- _Available data_:
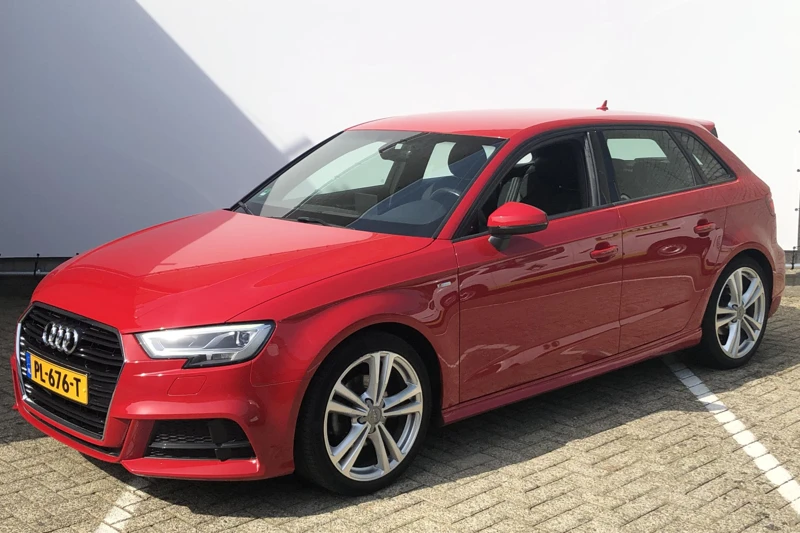 Audi - A3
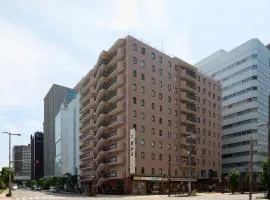 Via Inn Shin-Osaka West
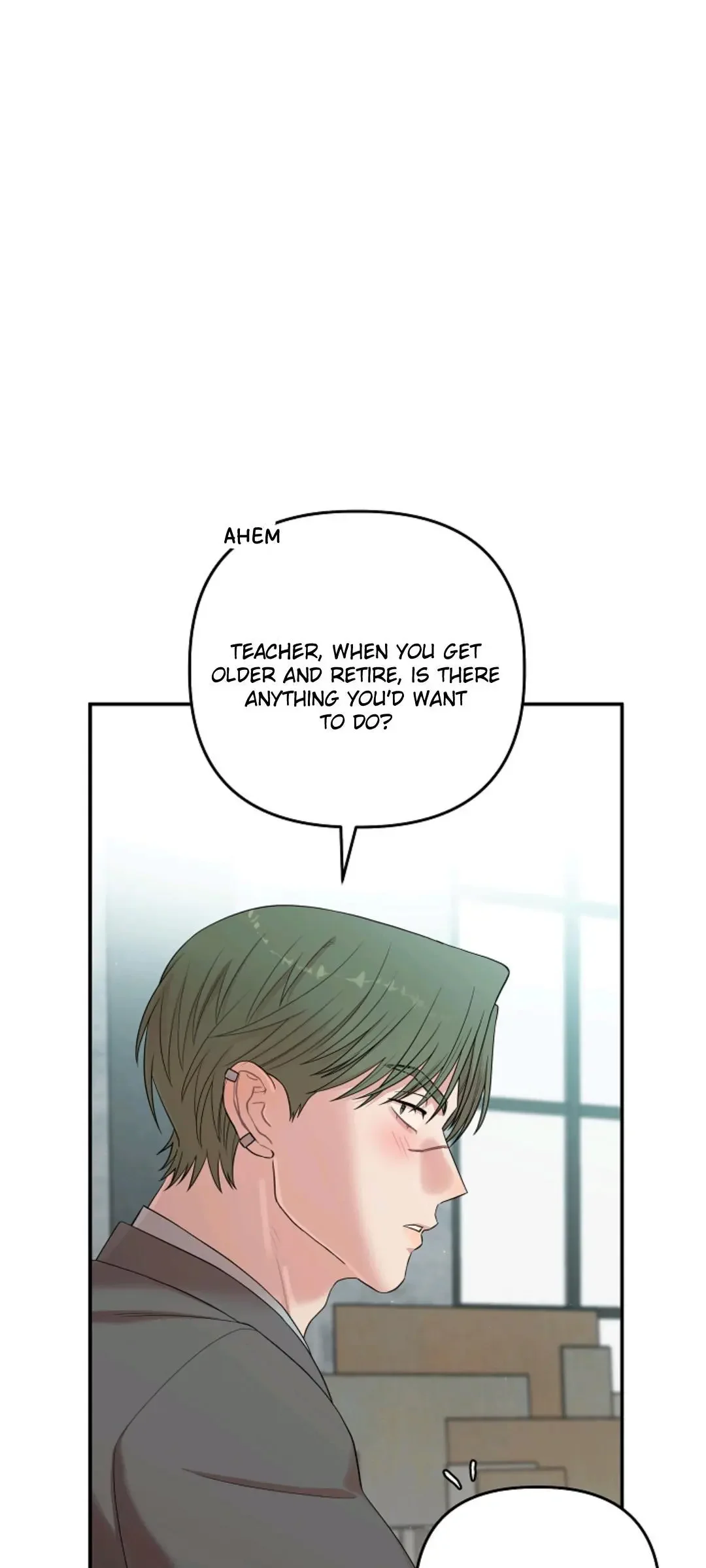 Chairman, Cut the Crap - Chapter 43 Page 47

- _Problem description_: Please reproduce the listing exactly, leaving out any pictures.

- _Response area_:
 Audi - A3
 Via Inn Shin-Osaka West
 Chairman, Cut the Crap - Chapter 43 Page 47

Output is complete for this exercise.